The laminated carbon fiber reinforced plastic (CFRP) [1] have been used in the fields of aerospace, automobiles, and railways, owing to their light weight, high specific strength, and good mechanical properties. However, their applications are still limited, due to their complex damage behaviors [2], such as interfacial debonding, matrix crack and fiber breaking. Their failure behaviors gain more and more attention of researchers and engineers at both meter and micrometer scales. As one of the most common failure modes of the laminated CFRP, delamination is closely related to the interlaminar shear behavior [3], which can be evaluated by the microscale strain distribution. Besides, the conventional structural design applied to metallic structures cannot be used to CFRP structures, due to their quite complex damage behaviors showing complicated strain status. The measurement of microscale strain distribution is important; not only to understand their complex damage behavior, but also to establish a novel structural design for CFRP. Therefore, full-field strain measurement of the laminated CFRP is essential under mechanical loading at the microscale.

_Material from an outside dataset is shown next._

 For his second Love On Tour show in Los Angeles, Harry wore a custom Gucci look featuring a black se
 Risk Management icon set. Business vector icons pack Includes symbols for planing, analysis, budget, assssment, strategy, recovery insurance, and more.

Although numerical simulation can be used to analyze the microscale strain distributions of CFRP [4,5,6], experimental measurement is able to provide us with more authentic and credible deformation data. The microscale strain distribution of CFRP cannot be measured from conventionally employed strain gauges owing to the physical size of laminates. Extensometer has been used to measure the nominal strains, including shear strains of different angle-ply CFRP laminates [7], but it can only measure the global strain information instead of the strain distribution. Fortunately, the non-contact and full-field optical methods offer effective ways for measuring microscale strain distributions of CFRP. At present, the optical methods for strain measurement mainly include the Moiré methods, the grid method, the geometric phase analysis (GPA), the digital image correlation (DIC) method, and electronic speckle pattern interferometry (ESPI).

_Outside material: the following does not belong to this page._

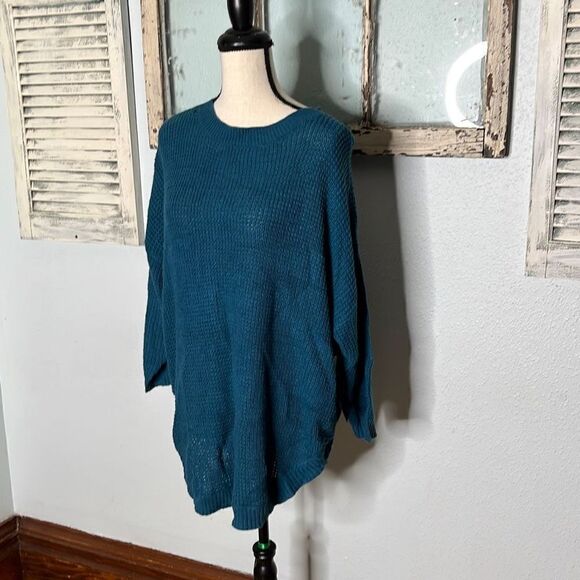 Black Tape Womens Knitted Sweater Drop Shoulder Dark Teal Size X NWT - Picture 2 of 12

Regarding the studies on strain distributions of CFRP by the optical methods, the strain distributions measured by DIC have been reported for investigating the nonlinear shear deformation of [±45°]_2s CFRP [8] and the shear performance of [±45°]_4s CFRP [9]. These strain distributions refer to the deformation on the front surface of the laminate, rather than the deformation on the cross section of the laminate, which is also important for instability evaluation. The normal and shear strain distributions across the thickness on the cross sections of [0°/±45°/90°] CFRP laminates [10] have been investigated by DIC, and shear strain localizations have been observed at several interfaces in an uniaxial tension test. Nevertheless, DIC measurement is easily affected by noise as the deformation carrier is speckle. Shear strain measurement of laminated CFRP by ESPI [11] has also been reported; however, ESPI is very sensitive to vibration and difficult to measure large deformation. To the authors’ knowledge, there are few reports on the interlaminar shear strain measurement of [±45°] CFRP by the Moiré methods, the grid method and GPA, since a periodic pattern is necessary to be fabricated. However, with the development of grid fabrication techniques, it becomes easy to fabricate a grid on CFRP. The Moiré methods [12,13] have been widely used in the deformation measurement of composite materials [14], including CFRP [15,16,17,18]. Due to the advantages of deformation visualization, high noise resistance and large field of view, the Moiré methods are at the center of attention, and expected to be used to visualize the shear strain concentration of CFRP.

The Moiré methods can also be subdivided into the geometric Moiré method [12,19], Moiré interferometry [12,18,20], the digital Moiré [17,21] or overlapping Moiré method, the laser scanning Moiré method (also called as laser scanning confocal microscopy Moiré) [22,23], the electron scanning Moiré method (also called as electron beam Moiré or scanning electron microscope Moiré) [24,25], the atomic force microscope Moiré method [26], the sampling Moiré method [27,28], etc. Among the (previously mentioned) various Moiré methods, the sampling Moiré method adopts the spatial phase-shifting technique, and the other Moiré methods are usually combined with the temporal phase-shifting technique to analyze the Moiré phase for deformation measurement. Since the spatial phase-shifting technique does not need any expensive temporal phase-shifting device, such as a piezoelectric motor and is applicable to a single grid image, the sampling Moiré method has been chosen to measure the strain distributions of CFRP.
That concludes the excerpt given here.